I went to AT&T Stadium for the 13 Hours: The Secret Soldiers of Benghazi world premiere and left with more than just a movie experience.

All 32,000 people in attendance  went through one entrance — the line was so long I couldn’t see the doors. 

AT&T stadium provided admission, popcorn, drinks, and access to the giant movie screen  for free. The people on the red carpet provided the experience I’ll remember.

The interviews were one of my favorite parts of the night. Getting to see the actors as themselves before the movie was a treat because I knew how they felt about what they were doing on screen. John Krasinski and Michael Bay were just two of the stars that were there. Krasinski didn’t want to go back to his 600 person movie theater, Joe Trahan, , said. Bay talked about the honor he felt to be able to tell this story. 

Three of the people they portrayed in the movie were also interviewed beforehand. It was awesome to see them talk about their support for the film.  One of the men, Mark Geist, Marine Corps veteran and his wife started Shadows Warrior Project. This project helps veterans, who have served, been injured or died, and their families. Part of the reason this event was free was to promote donating to that project. 

Chris Cornell and The Band Perry performed before the movie. Cornell sang his original song from  13 Hours, “Till the Sun Comes Back Around” and The Band Perry sang “Amazing Grace”. I think music is one of the aspects that helps a movie evoke emotion.
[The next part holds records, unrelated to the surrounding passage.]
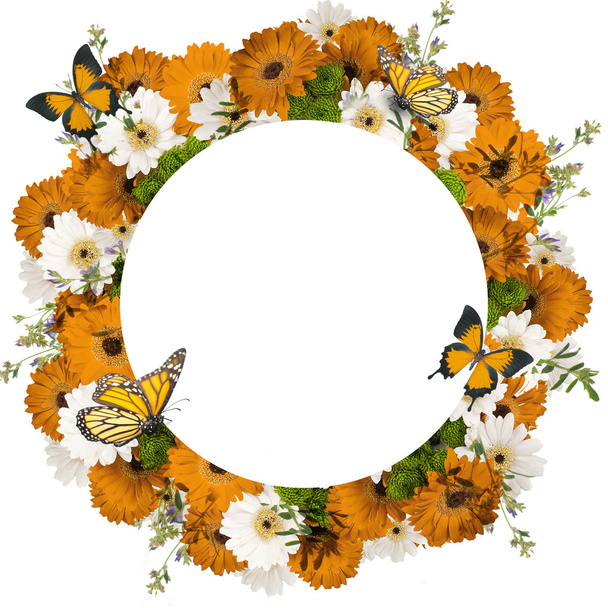 Frame of beautiful daisies and butterflies - Фото, изображение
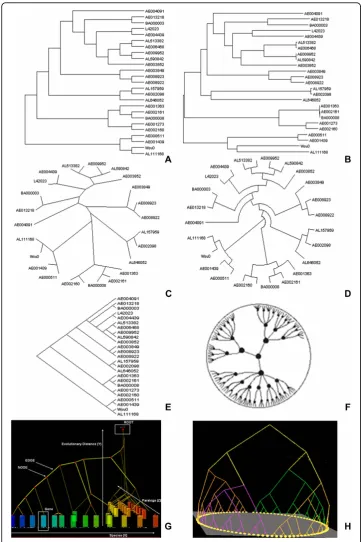 Figure 1 A) An example of a cladogram representation: a branching diagram assumed to be anestimate of a phylogeny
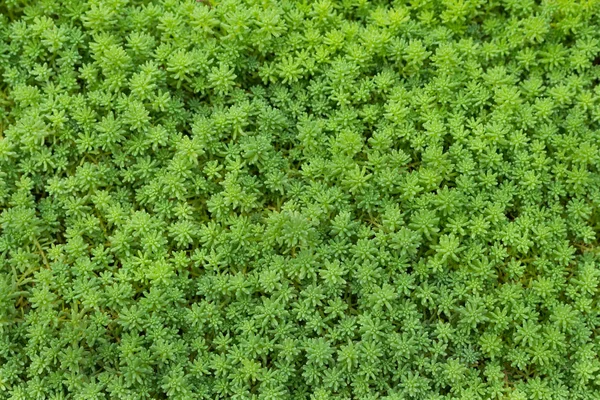 Hermoso fondo de hierba sward —  Fotos de Stock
Getting to see a live performance of a song from the film enhanced the experience by hearing the artist talk about his lyric meaning to keep pressing on through hard times. 

Several times during the pre-show people honored veterans by applauding and rising to their feet. It was touching to see the support for veterans who have sacrificed parts of their lives for America. 

The movie played and I watched happily. That was only a small part of what the night was about, though. The bigger picture was honoring people  who have served, been injured or died in the military. 

After the movie, the three Marine Corps veterans, Kris Paronto, Mark Geist and John Tiegen who were portrayed and in attendance  came back to the red carpet. Paronto  was in tears because the movie probably brought back memories and emotions he experienced in Benghazi. People rose to honor them. Being able to see the portrayal of these men and them in reality moved me. I wasn’t just seeing a movie, but people working together to show their support for veterans.